About this exercise ->
Entries below include pictures. Output exactly the lines from the one with "Mitsubishi L200 Sport" down to the one with "View - Infinite Ble Golden Beach", both ends included, and leave the pictures out.

Data extracts ->
-*-*-

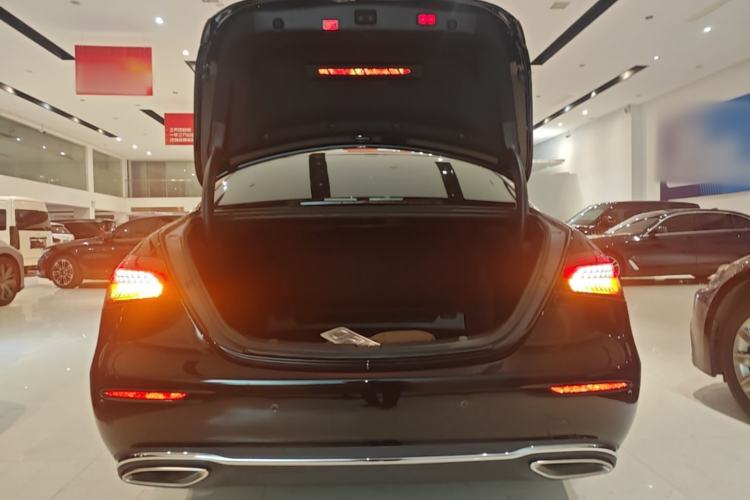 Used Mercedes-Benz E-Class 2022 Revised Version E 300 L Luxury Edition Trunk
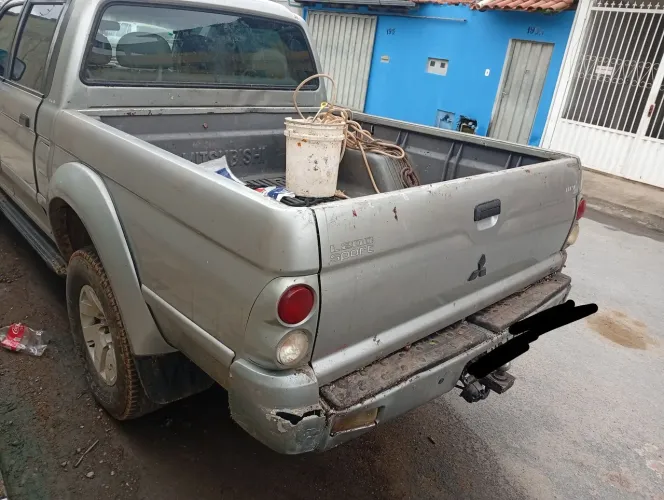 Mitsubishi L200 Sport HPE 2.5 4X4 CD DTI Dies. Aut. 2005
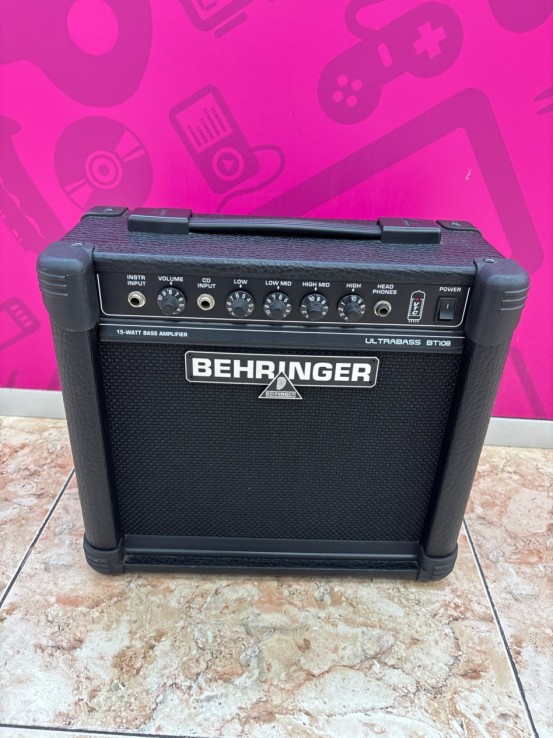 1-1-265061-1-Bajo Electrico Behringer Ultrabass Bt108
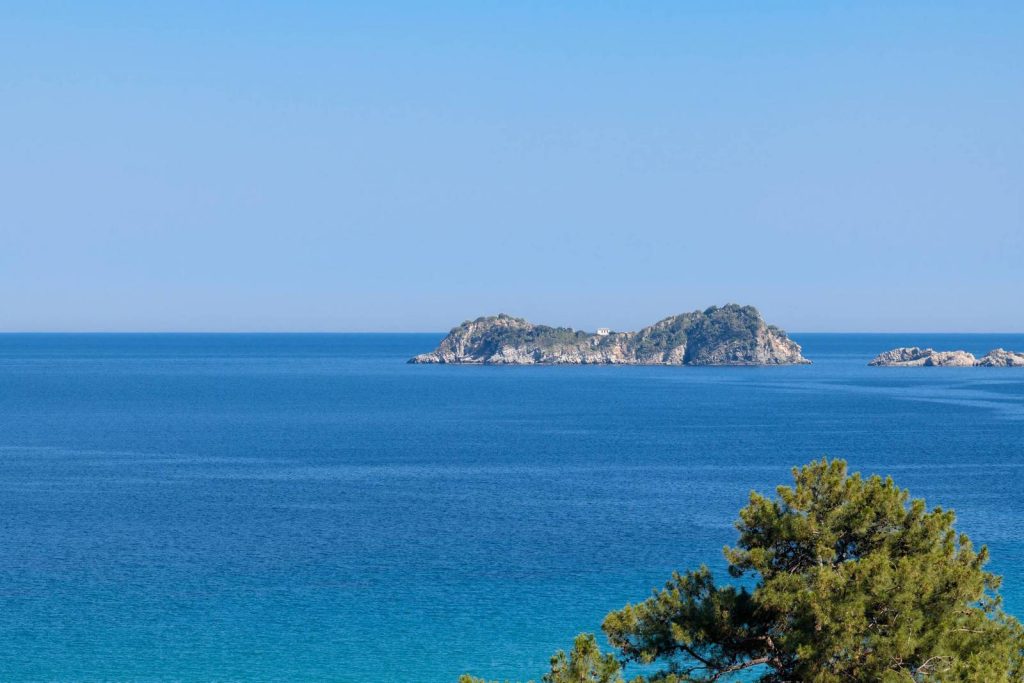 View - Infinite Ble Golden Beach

-*-*-

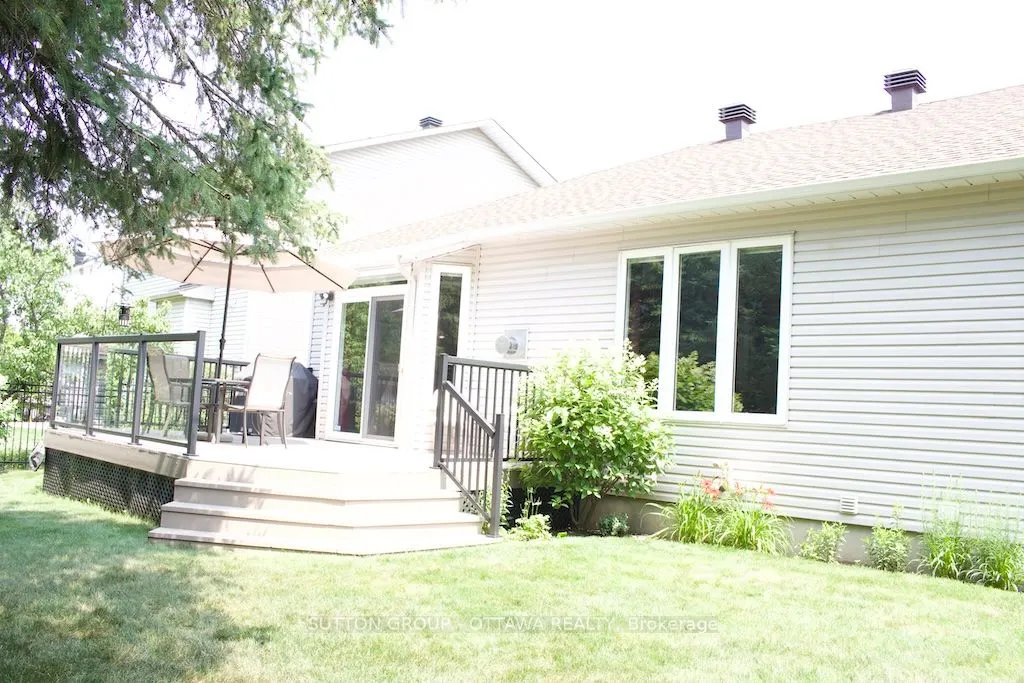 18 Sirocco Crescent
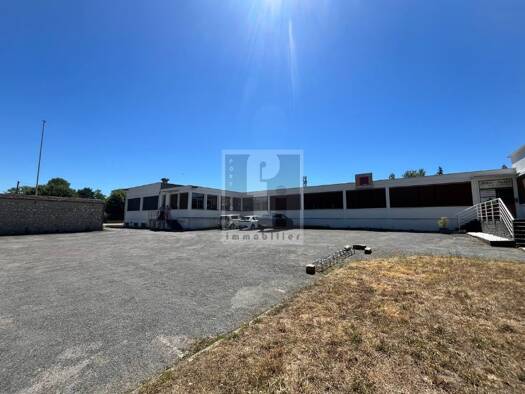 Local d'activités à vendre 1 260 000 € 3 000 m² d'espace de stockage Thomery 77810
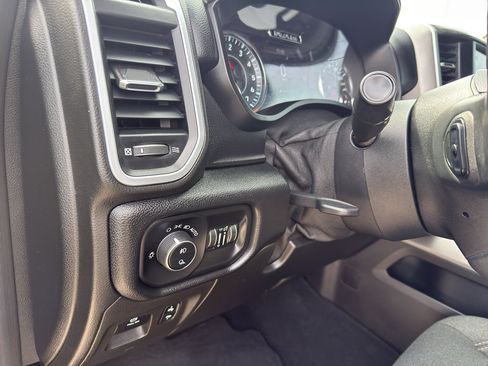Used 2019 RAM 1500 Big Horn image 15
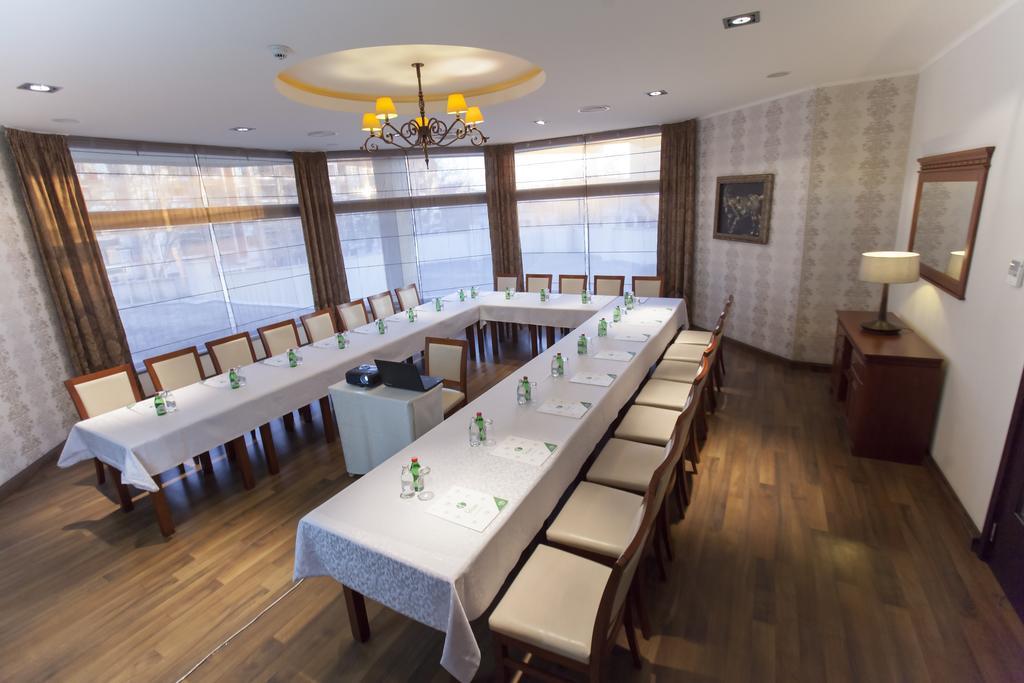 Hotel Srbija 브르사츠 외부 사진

-*-*-

Answer below ->
 Mitsubishi L200 Sport HPE 2.5 4X4 CD DTI Dies. Aut. 2005
 1-1-265061-1-Bajo Electrico Behringer Ultrabass Bt108
 View - Infinite Ble Golden Beach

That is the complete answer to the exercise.